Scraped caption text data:

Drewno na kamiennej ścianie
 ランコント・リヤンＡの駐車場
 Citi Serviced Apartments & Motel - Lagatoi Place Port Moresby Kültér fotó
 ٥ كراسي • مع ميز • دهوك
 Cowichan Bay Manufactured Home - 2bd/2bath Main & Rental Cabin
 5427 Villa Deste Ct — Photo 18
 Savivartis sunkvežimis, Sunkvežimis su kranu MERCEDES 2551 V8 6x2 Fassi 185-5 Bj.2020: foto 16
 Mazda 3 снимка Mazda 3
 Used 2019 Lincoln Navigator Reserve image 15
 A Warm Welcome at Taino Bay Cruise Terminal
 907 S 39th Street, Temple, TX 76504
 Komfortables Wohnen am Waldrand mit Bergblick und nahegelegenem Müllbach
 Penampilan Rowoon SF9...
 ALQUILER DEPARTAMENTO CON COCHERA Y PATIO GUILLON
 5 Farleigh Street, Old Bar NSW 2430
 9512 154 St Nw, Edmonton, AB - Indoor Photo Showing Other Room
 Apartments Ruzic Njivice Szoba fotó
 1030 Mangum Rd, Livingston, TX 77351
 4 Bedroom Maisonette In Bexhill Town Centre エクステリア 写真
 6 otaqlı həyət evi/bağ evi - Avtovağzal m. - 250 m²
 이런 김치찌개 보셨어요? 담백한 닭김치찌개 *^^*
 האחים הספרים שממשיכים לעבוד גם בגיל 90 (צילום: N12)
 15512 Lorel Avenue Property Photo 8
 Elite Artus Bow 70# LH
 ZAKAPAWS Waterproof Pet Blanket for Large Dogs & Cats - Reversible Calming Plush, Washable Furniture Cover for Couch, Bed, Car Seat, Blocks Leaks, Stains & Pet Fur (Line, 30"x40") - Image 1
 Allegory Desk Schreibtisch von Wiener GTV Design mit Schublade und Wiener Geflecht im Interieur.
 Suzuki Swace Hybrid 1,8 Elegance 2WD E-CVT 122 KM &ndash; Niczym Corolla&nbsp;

_Task details_. The answer is the line with "האחים הספרים שממשיכים" plus every line after it to the last line of the entries above, copied exactly and with no other lines.

_Written answer_.
 האחים הספרים שממשיכים לעבוד גם בגיל 90 (צילום: N12)
 15512 Lorel Avenue Property Photo 8
 Elite Artus Bow 70# LH
 ZAKAPAWS Waterproof Pet Blanket for Large Dogs & Cats - Reversible Calming Plush, Washable Furniture Cover for Couch, Bed, Car Seat, Blocks Leaks, Stains & Pet Fur (Line, 30"x40") - Image 1
 Allegory Desk Schreibtisch von Wiener GTV Design mit Schublade und Wiener Geflecht im Interieur.
 Suzuki Swace Hybrid 1,8 Elegance 2WD E-CVT 122 KM &ndash; Niczym Corolla&nbsp;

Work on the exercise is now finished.